Midwestern Gothic Issue 23 (Fall 2016)
It’s that time of year, when Midwestern Gothic goes all nonfiction for an entire issue. It’s flooded from cover to cover with essays and creative nonfiction inspired by the Midwest.
This time around, it’s a little more unique. It’s our last quarterly issue! Next year, we’re going semi-annual, and also featuring nonfiction in every edition of the journal. We’re super excited to be able to share some amazing nonfiction work on a more regular basis, and also a little nostalgic at the change. The magazine has looked a certain way and come out on a certain schedule for over five years. But now we’ll be able to share the beauty of the Midwest in new ways, and also create more room for MG Press titles, which we’re also super geeked about.
To commemorate the event, I’ll share an excerpt from one of my favorites from Issue 23, “Off Trail” by Dave Essinger, about a Midwesterner doing a trail run in the Montana Rockies.
The end-all be-all goal for the typical road marathoner is the Boston Marathon, and that summer I was training obsessively to qualify, because it’s the one big marathon you can’t just sign up for. For decades Boston has been limited to those who meet tough age-based qualifying times at another marathon, and I needed to take a good twelve minutes off my previous best time to make the cut. I’d started a very aggressive training plan; Alice was already easily qualified by the women’s standard, and I was determined not to have to navigate our daughter’s stroller through the epic Boston crowds of spectators while Mommy ran the race.
Twenty miles of treacherous trail was no part whatsoever of this training plan. So what exactly was I doing on this trail, on this mountain, a thousand miles from home, with an ankle growing plumper and more purple by the minute? A road-runner perilously far from any road? What part of me had thought this would be a good idea, or a fun thing to do?

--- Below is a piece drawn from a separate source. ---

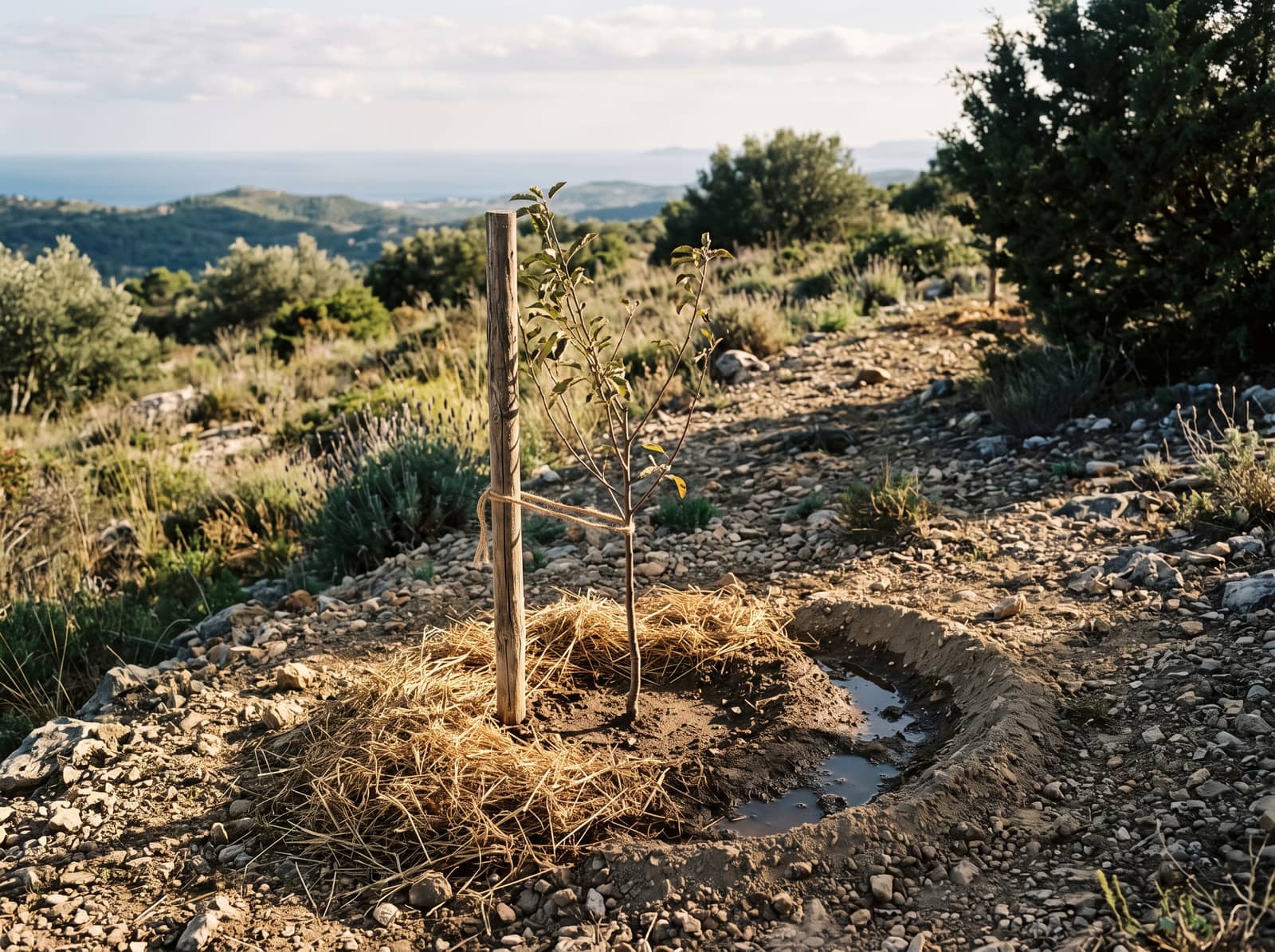 Un giovane albero da frutto appena piantato su un pendio mediterraneo sassoso, un argine di terra a mezzaluna che trattiene acqua piovana, pacciame di paglia lontano dal tronco, un tutore con legatura morbida e un arbusto sempreverde vicino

Trying to answer takes me back at least ten years. I had lived in Bozeman, more by circumstance than by design, for a few months after college, and had heard of this “insane race over the mountain, that’s like fifteen miles, and everyone who finishes is just all beat up, as in, bleeding everywhere.” Naturally, my reaction then was, I want to do that, but being in rotten physical shape at the time (college the way I attended it will do that to you), and not suicidal or at least not that energetically so, I thought nothing more of it then.